WORK TO BE COMPLETED:
Word for word, restate the lines from the top of the records below through the line with "Vreme 7 dni", both included, with no pictures in the result.

INFORMATION SHOWN:
^^^^^^^^^^^^^^^^

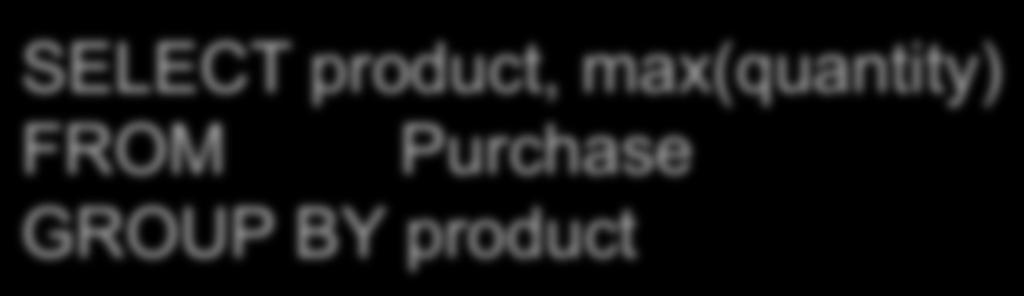 Need to be Careful SELECT product, max(quantity) FROM Purchase GROUP BY product SELECT product, quantity FROM Purchase GROUP BY product Product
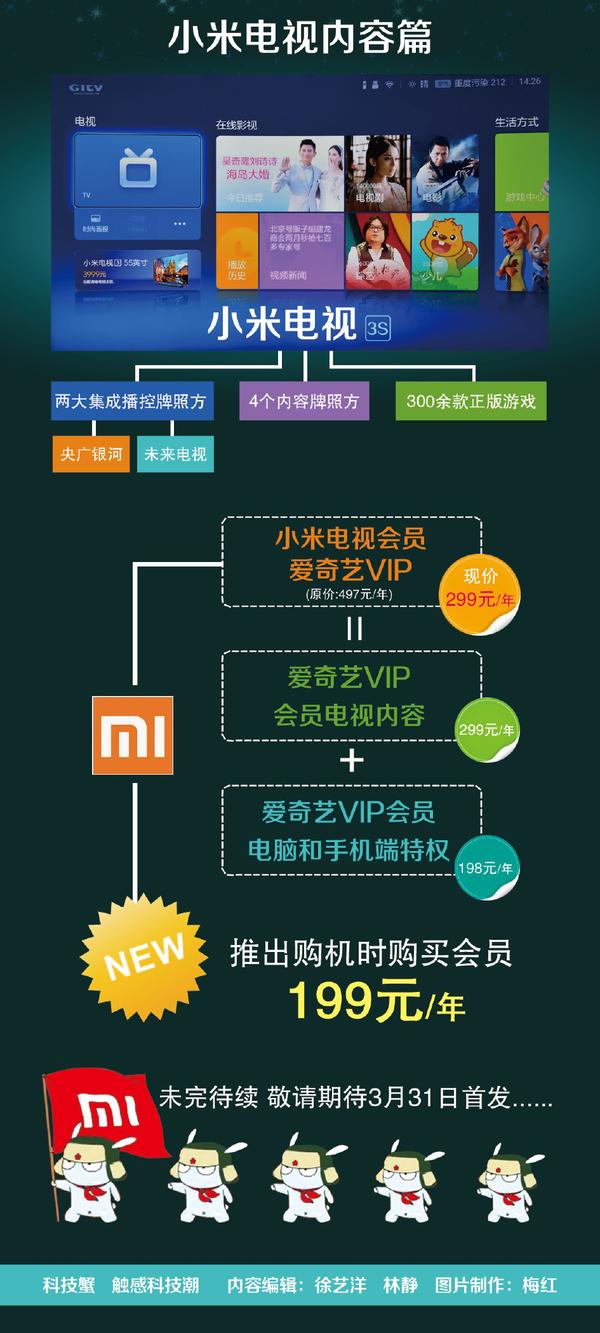 小米电视账号注册收费吗
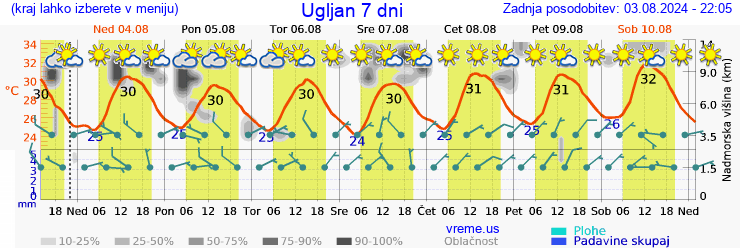 Vreme 7 dni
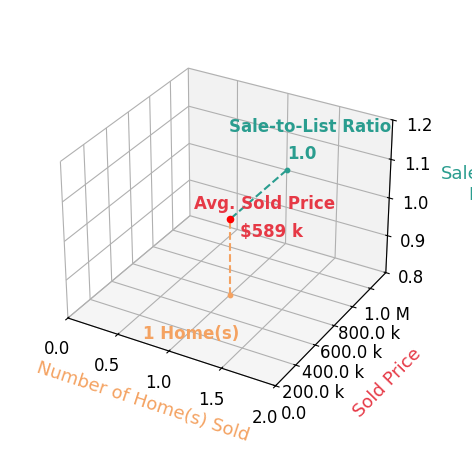 Brad Alexander sold 1 homes with an average sold price of $589K and an average sale-to-list ratio of 100.0%.
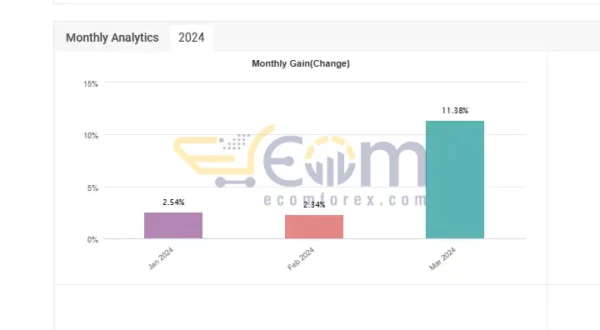 Bitcoin Scalper AI EA MT4 Live Signal MyfxBook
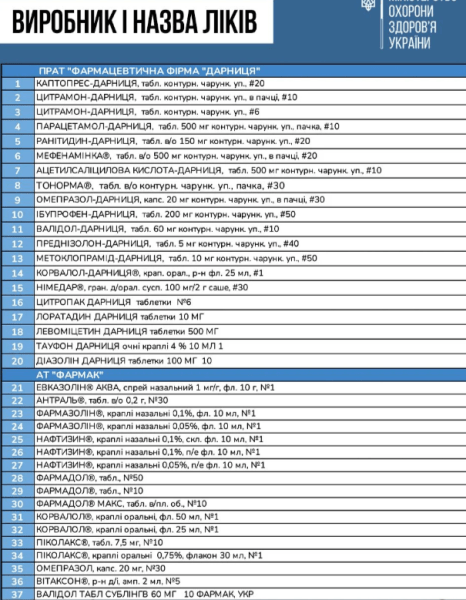 Перечень лекарств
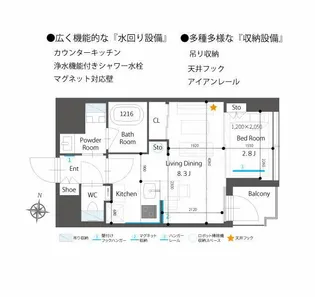 パークルール恵比寿【4階】の間取り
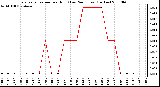 Milwaukee Weather Evapotranspiration per Hour (Last 24 Hours) (Inches)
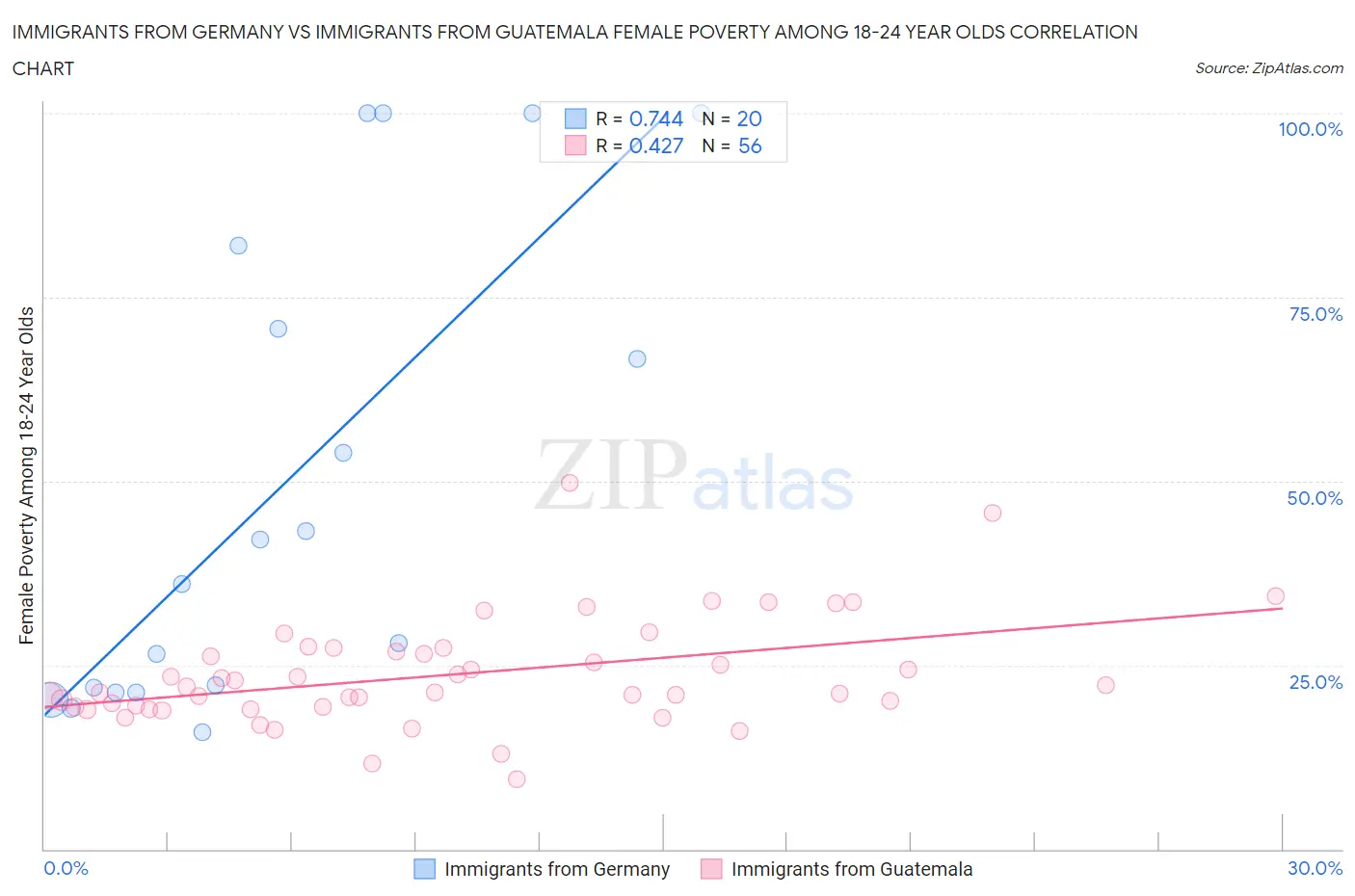 Immigrants from Germany vs Immigrants from Guatemala Female Poverty Among 18-24 Year Olds
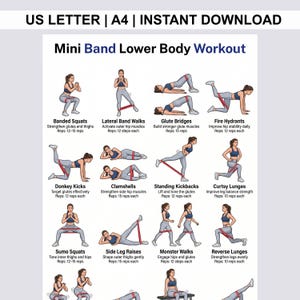 Może przedstawiać: Plan treningowy zatytułowany Mini Band Lower Body Workout zawierający ilustracje dwunastu różnych ćwiczeń z czerwoną taśmą oporową. Tekst zawiera nazwy ćwiczeń, docelowe partie mięśniowe oraz liczbę powtórzeń dla każdego ruchu.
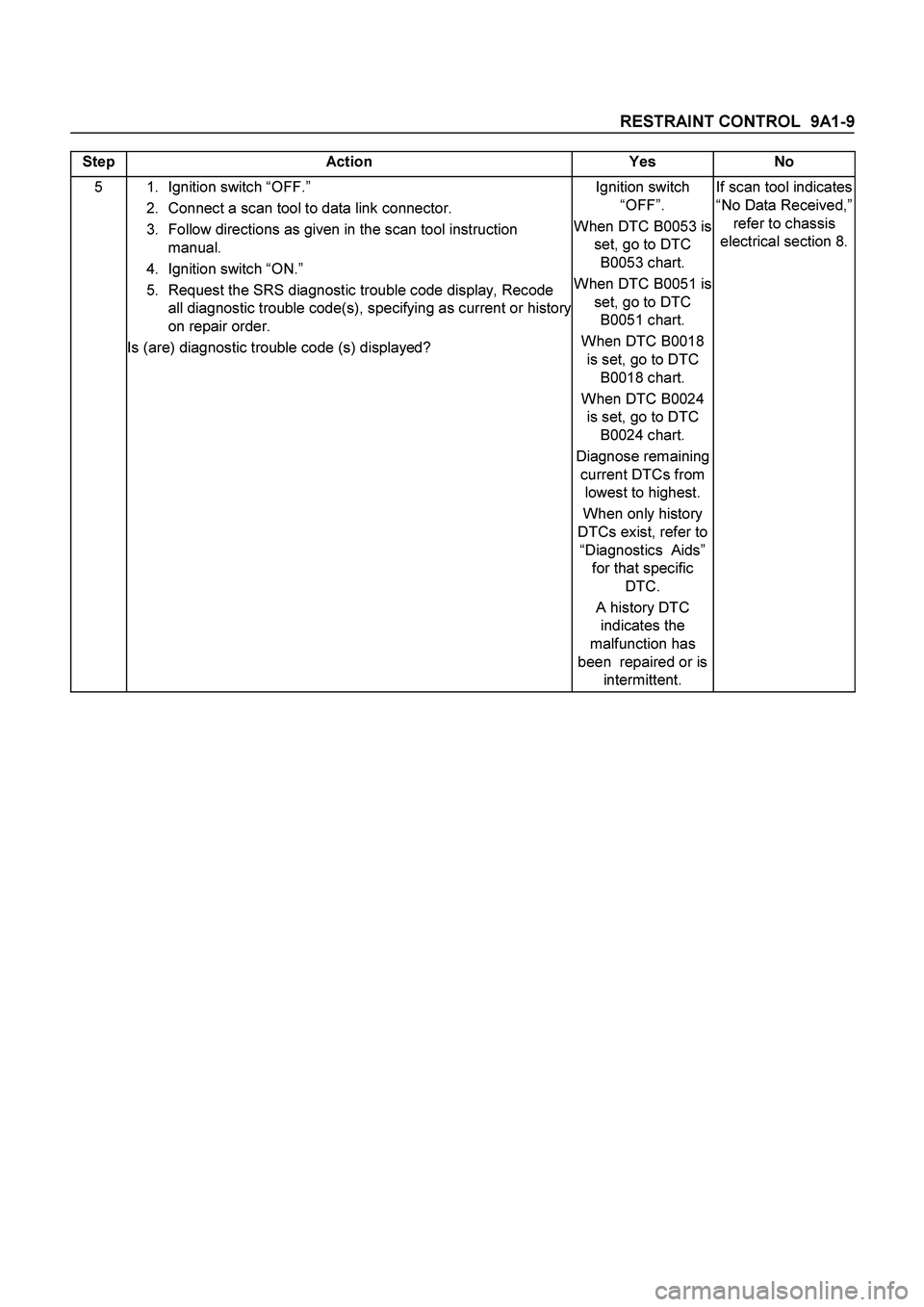 ISUZU TF SERIES 2004  Workshop Manual RESTRAINT CONTROL  9A1-9
 
Step Action  Yes No 
5  
1. Ignition switch “OFF.” 
  2.  Connect a scan tool to data link connector. 
 
3.  Follow directions as given in the scan tool instruction 
man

^^^^^^^^^^^^^^^^

SOLUTION TO THE PROBLEM:
 Need to be Careful SELECT product, max(quantity) FROM Purchase GROUP BY product SELECT product, quantity FROM Purchase GROUP BY product Product
 小米电视账号注册收费吗
 Vreme 7 dni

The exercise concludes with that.